■ Supplied records
=== Begin Enclosure ===

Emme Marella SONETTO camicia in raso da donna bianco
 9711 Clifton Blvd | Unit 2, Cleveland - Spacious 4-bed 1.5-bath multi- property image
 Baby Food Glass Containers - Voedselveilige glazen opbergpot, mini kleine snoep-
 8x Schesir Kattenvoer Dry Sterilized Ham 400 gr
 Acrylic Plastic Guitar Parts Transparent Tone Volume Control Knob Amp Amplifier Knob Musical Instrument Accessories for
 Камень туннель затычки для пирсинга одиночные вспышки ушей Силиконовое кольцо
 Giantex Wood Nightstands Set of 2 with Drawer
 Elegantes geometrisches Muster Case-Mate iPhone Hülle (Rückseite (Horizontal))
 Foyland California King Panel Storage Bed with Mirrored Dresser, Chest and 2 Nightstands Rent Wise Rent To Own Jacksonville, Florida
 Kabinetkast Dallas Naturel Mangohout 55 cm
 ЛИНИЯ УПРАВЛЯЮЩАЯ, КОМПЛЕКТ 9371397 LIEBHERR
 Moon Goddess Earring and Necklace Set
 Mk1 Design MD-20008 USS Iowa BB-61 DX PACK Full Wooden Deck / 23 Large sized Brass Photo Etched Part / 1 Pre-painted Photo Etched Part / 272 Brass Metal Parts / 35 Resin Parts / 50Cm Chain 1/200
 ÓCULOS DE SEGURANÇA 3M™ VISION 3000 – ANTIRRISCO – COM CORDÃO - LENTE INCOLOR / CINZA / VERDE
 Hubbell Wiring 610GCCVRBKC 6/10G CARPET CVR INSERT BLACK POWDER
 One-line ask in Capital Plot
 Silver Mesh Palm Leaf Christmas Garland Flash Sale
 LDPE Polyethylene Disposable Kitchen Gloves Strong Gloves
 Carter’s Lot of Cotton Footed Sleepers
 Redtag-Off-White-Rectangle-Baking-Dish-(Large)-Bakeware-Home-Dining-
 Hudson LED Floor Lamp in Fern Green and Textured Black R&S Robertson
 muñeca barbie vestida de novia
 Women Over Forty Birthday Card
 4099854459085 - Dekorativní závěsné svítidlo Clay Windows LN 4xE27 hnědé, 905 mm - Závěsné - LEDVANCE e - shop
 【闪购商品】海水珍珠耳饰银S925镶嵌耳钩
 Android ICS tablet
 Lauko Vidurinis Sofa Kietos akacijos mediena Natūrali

=== End Enclosure ===

■ Task item
Give only the number of lines in the material above where the string "with" appears.

■ Exercise result
2